The OFC structure is an initiative to strengthen Hong Kong’s position as a fund domicile and full-service asset and wealth management centre.
“We are proactively responding to the favourable government policy to promote the city to be the next investment fund hub, alongside Luxembourg and Ireland. We launched the first actively managed OFC fund last year,” Eleanor Wan, chief executive of BEA Union Investment, said in a statement.

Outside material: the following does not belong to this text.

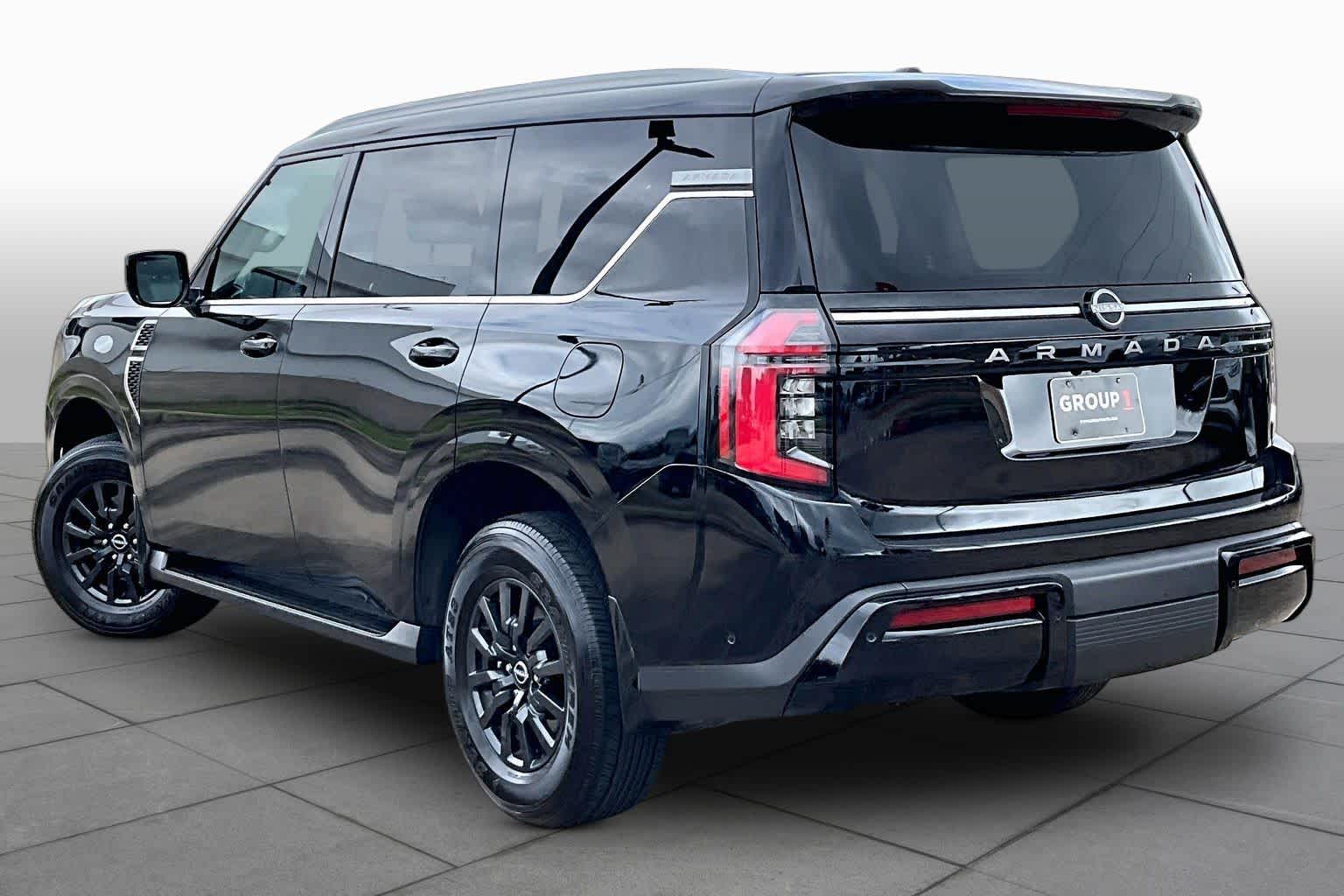2025 Nissan Armada photo 12 of 35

The affected unit trusts are under the umbrella of BEA Union Investment Series, namely BEA Union Investment Asia Pacific Flexi Allocation Fund, BEA Union Investment Global Flexi Allocation Fund, BEA Union Investment China Gateway Fund, BEA Union Investment China Phoenix Fund and BEA Union Investment RMB Core Bond Fund.
From 30 September 2021 onwards, the five funds have been re-categorised under the BU Investment Series OFC and their names are updated to: BU Asia Pacific Flexi Allocation Fund, BU Global Flexi Allocation Fund, BU China Gateway Fund, BU China Phoenix Fund and BU RMB Core Bond Fund.
OFC funds authorised by the Securities and Futures Commission are eligible for distribution under the cross-boundary wealth management connect scheme (WMC) in the Guangdong- Hong Kong- Macau Greater Bay Area.
Hence, eligible funds are allowed to reach out to mainland investors through this channel, providing more options for investment, according to BEA Union Investment.
Promoting OTC structure
“We believe that more OFC funds will be incorporated to capture the opportunities from the wealth management connect scheme and the competitiveness of the whole value chain in the fund industry in Hong Kong will be enhanced,” said Wan.
The OFC investment vehicle is an open-ended fund in corporate form domiciled in Hong Kong, which is a separate legal entity that has a board of directors and is able to contract and hold assets in its own name. In contrast, unit trusts have a trustee that is required to hold assets.
“The OFC is a game-changer for Hong Kong’s fund management industry,” Alwyn Li, partner of Deacons, legal counsel to BEA Union Investment in its fund development work, said.
“With the backing of financial and tax incentives from the government, in addition to opportunities granted by the newly-launched WMC scheme, we are seeing strong demand for the OFC structure from fund managers and investors,” he added.
BEA Union Investment is a joint venture formed in 2007 between the Bank of East Asia and Union Asset Management Holding AG of Germany. As of 30 June 2021, it holds AUM and advisory of $13.7bn, according to the firm.